The Blood of Dawnwalker is shaping up to be an RPG that does not want players to follow one clean moral path. Rebel Wolves has confirmed that players will be able to make very dark choices, including killing most NPCs, without immediately breaking the main story or causing a game over.
Creative Director Mateusz Tomaszkiewicz shared the detail during a post-show Q&A after the studio revealed the game’s September 3 release date and PC system requirements. His comments suggest that The Blood of Dawnwalker is leaning heavily into player freedom, even when that freedom leads to brutal outcomes.

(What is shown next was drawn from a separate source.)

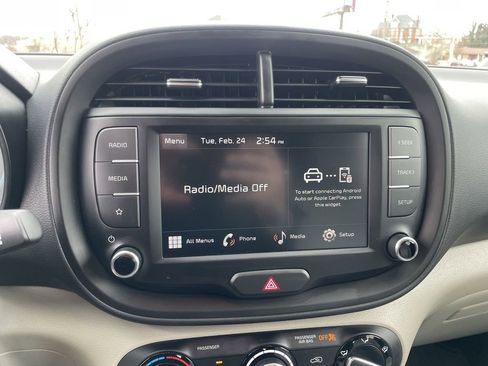 Certified 2024 Kia Soul LX w/ Option Group 015 image 10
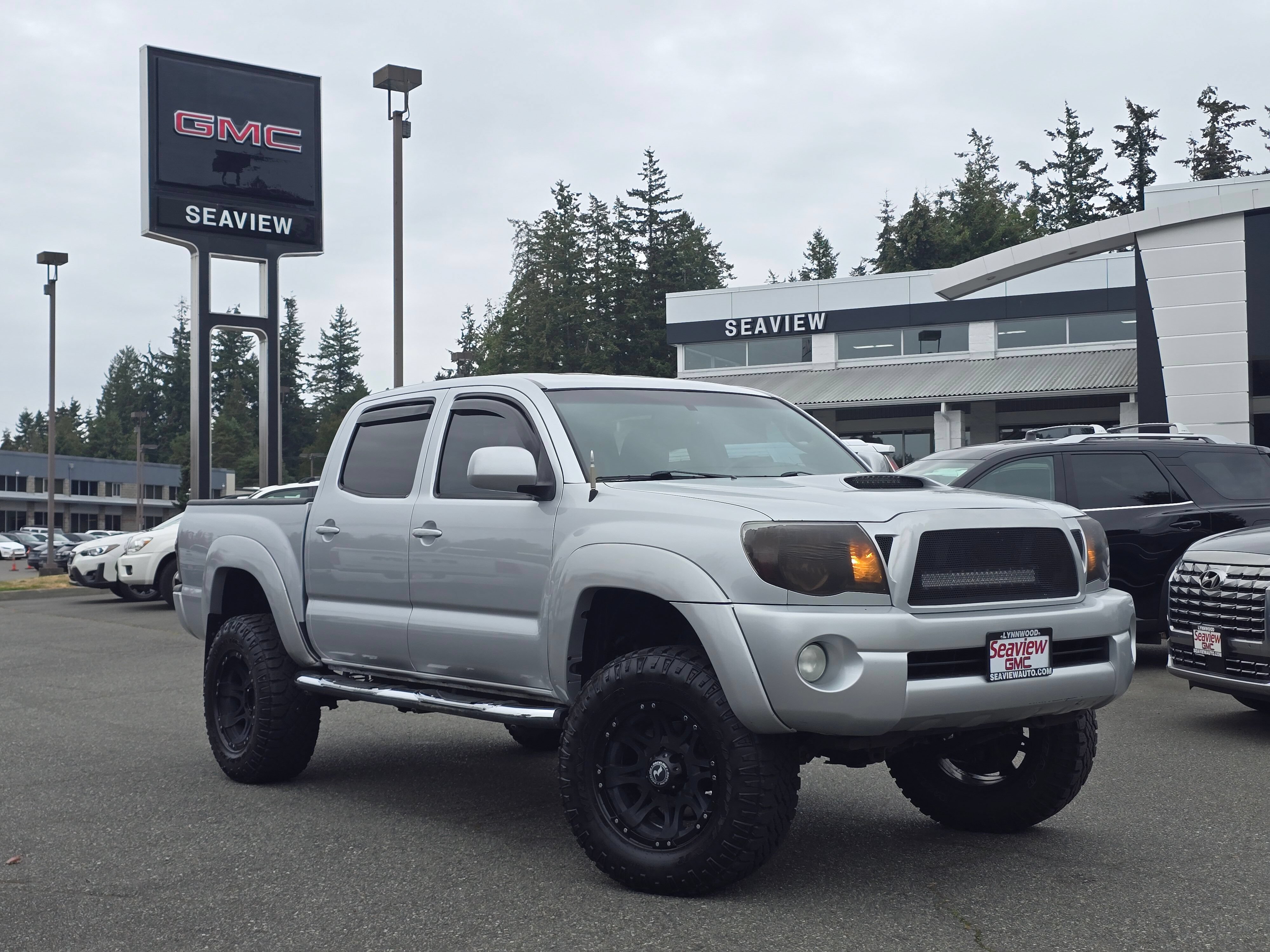 Used 2011 Toyota Tacoma 4x4 Double Cab w/ TRD Sport Pkg w/JBL Audio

Rebel Wolves wants players to live with bad choices instead of reloading every time the story turns against them
The most interesting part is not only that players can do evil things. It is that the game is built to react to them. Tomaszkiewicz said most NPCs can be killed, though a few are protected for story reasons. The main story will still continue, but players may see different outcomes, different endings, and changed plot lines depending on what they do.
That is a big promise for an open-world RPG. Many games say choices matter, but still quietly push players back toward the same main path. The Blood of Dawnwalker seems more willing to let players miss content, ruin relationships, or close off entire story paths.

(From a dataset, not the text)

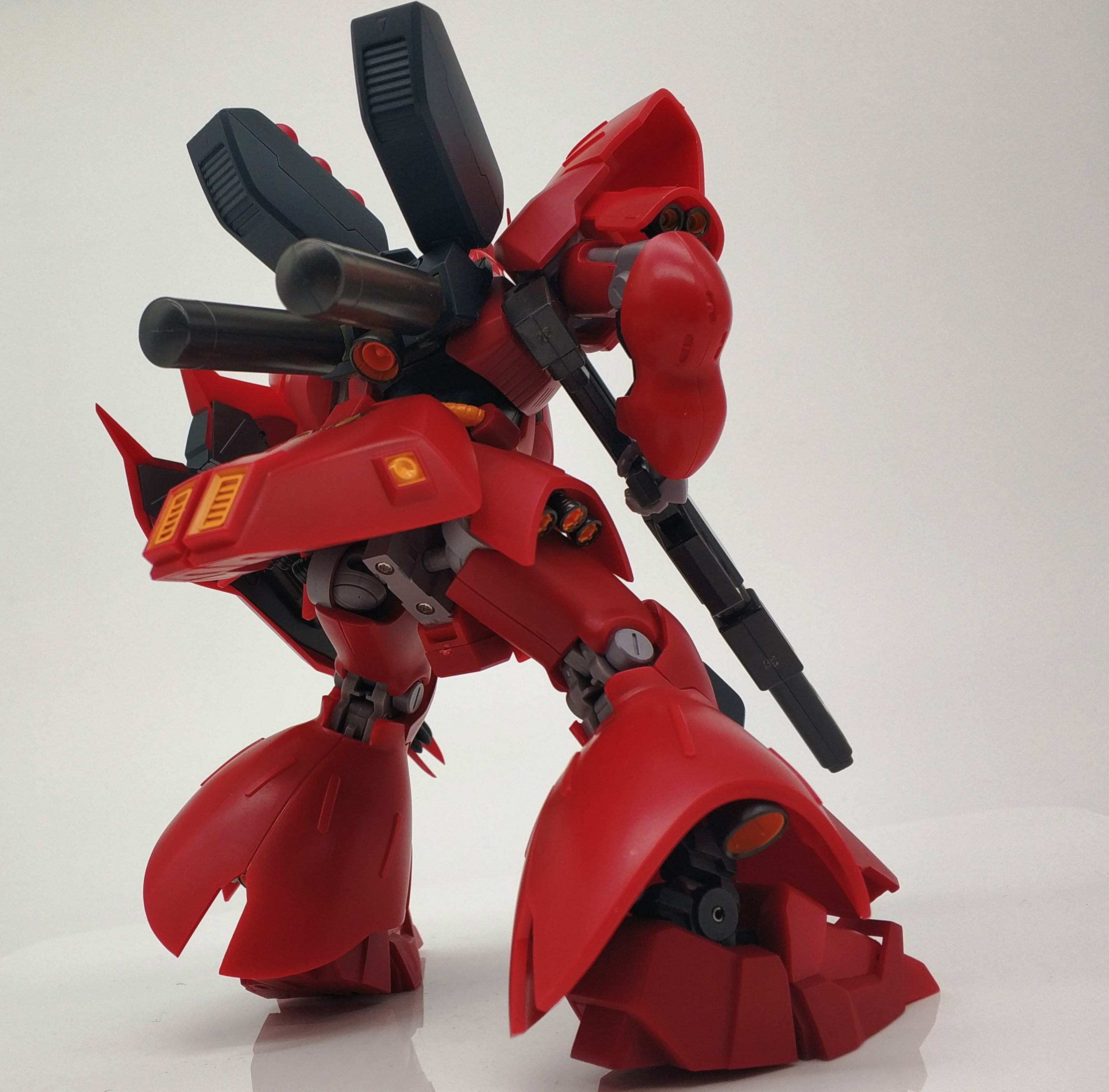 赤色彗星夏亚沙扎比,沙扎比赤色彗星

Tomaszkiewicz also said the studio had internal debates about whether some choices would fit Coen, the main character. That makes sense because Coen is not a blank character. He has his own identity and story. But Rebel Wolves decided to lean more toward player agency, meaning players should have more control over how far they take him into darkness.
| Player choice | Possible effect |
|---|---|
| Kill most NPCs | Story continues, but outcomes may change |
| Give in to Coen’s vampiric side | The character and story can shift in darker ways |
| Ignore some characters | Entire plot lines may be missed |
| Avoid reloading after bad choices | The playthrough may feel more personal and unique |
The director also encouraged players not to reload every time something goes wrong. He compared the idea to games like Baldur’s Gate 3, where living with bad rolls or ugly consequences can make a playthrough more memorable. That philosophy could make The Blood of Dawnwalker feel less like a checklist and more like a personal story.

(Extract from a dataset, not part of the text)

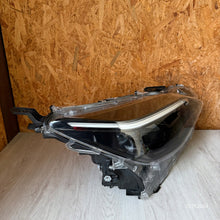 Load image into Gallery viewer, Frontscheinwerfer Toyota Yaris Cross Ein Satz Scheinwerfer Headlight SCH7092003280tl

This is also where the game separates itself from The Witcher 3. Many developers at Rebel Wolves previously worked on CD Projekt RED’s RPG, but Geralt was an established book character with clear limits. Coen appears to give the studio more room to let players shape the story in extreme ways.
The game will also be built for replaying. Some major paths can be missed completely, and different choices may lead to very different results. That gives players a reason to return after finishing the story once, either to see a more heroic version of Coen or to push fully into an evil run.
The Blood of Dawnwalker already had attention because of its vampire theme, open world, and Rebel Wolves’ RPG background. Now, its choice system may become one of its biggest selling points. If the final game truly supports this level of freedom, it could give RPG fans the kind of messy, consequence-heavy storytelling they often ask for.